Navigation:

Search



Related Articles

Our Friends

Articles Linux 2.6/3.0 Changes
 

Linux 2.6/3.0 Changes

This was written by Chris Verges, David Shea and given on Wed Apr 02 2003.

Table of Contents


1. Introduction

Linux was written back in the 90s by Linus Torvalds. It aimed to be a POSIX compliant clone for the x86 machines, but has grown into the friendly penguin OS we all know and love. "Linux" actually refers to the kernel of the operating system.

Definition: kernel
\Ker'nel\, n. (1) the inner and usually edible part of a seed or grain or nut or fruit stone; (2) the choicest or most essential or most vital part of some idea or experience; (3) (operating system) the essential part of Unix or other operating systems, responsible for resource allocation, low-level hardware interfaces, security, etc.
http://dictionary.reference.co

When dealing with the Linux kernel, there are two categories one generally falls into: stable and unstable.

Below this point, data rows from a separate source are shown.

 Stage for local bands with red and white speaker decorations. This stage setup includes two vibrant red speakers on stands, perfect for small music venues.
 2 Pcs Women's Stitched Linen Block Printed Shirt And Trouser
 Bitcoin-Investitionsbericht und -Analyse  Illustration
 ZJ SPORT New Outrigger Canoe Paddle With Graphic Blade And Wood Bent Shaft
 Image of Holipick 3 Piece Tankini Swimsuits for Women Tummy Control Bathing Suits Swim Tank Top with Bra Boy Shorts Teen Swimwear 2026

Stable kernels, meaning they have been tested extensively and are the production version, have an even minor number. Unstable versions have an odd minor number.

Kernel versioning schema:
   x.y.z                  2.4.21 (Stable)
   ^ ^ ^                  2.5.66 (Unstable)
   | | |                  2.6.1  (Stable)
   | | --- release number
   | | --- minor version
   | ----- major version

As a rule, NEW USERS SHOULD NOT MESS WITH UNSTABLE KERNELS! :) However, if you feel adventurous and have wonderful backups/don't care about your data, go for it. The official kernel website can be found at http://www.kernel.org/ . If you don't feel like waiting, point your browser to http://www.kernel.org/pub/linu for a full listing of kernel-related source. This archive contains everything from the original 1.0 kernel up to the latest unstable release, including some obscure patches perhaps not found elsewhere.

2. Installing 2.5

The latest unstable kernel as of this writing is 2.5.66. Soon (e.g. within my lifetime) the unstable branch will be locked, accepting no further changes, and release candidate testing will begin. Since some things have already been unofficially locked, we can start discussing those. One of these is the install methodology.

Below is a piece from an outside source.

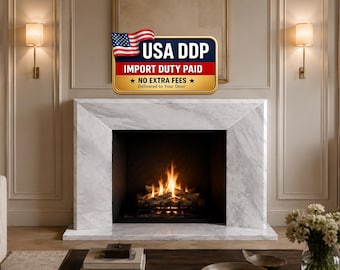 Handmade Carrara Marble Fireplace Mantel Surround, Solid Stone Frame (USA DDP)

From kernel 2.2, the install script has been:

make mrproper
make menuconfig       > --- choose the options you want
make dep              > --- figure out all dependencies
make bzImage          > --- make the kernel proper
make modules          > --- compile the modules
make modules_install  > --- install the modules

Starting with 2.5, the script has been significantly cut back:

make menuconfig
make

By default 'make' will create the kernel proper for your architecture and compile/install all modules. It supports -jN for parallel make operation (running more than one copy of make at the same time). For the kernel hackers out there, the make script also will compile individual files by typing 'make filename '. For the graphically inclined, 'make xconfig' can replace 'make menuconfig', using the latest in qt graphic components. (It is slow, but bearable.)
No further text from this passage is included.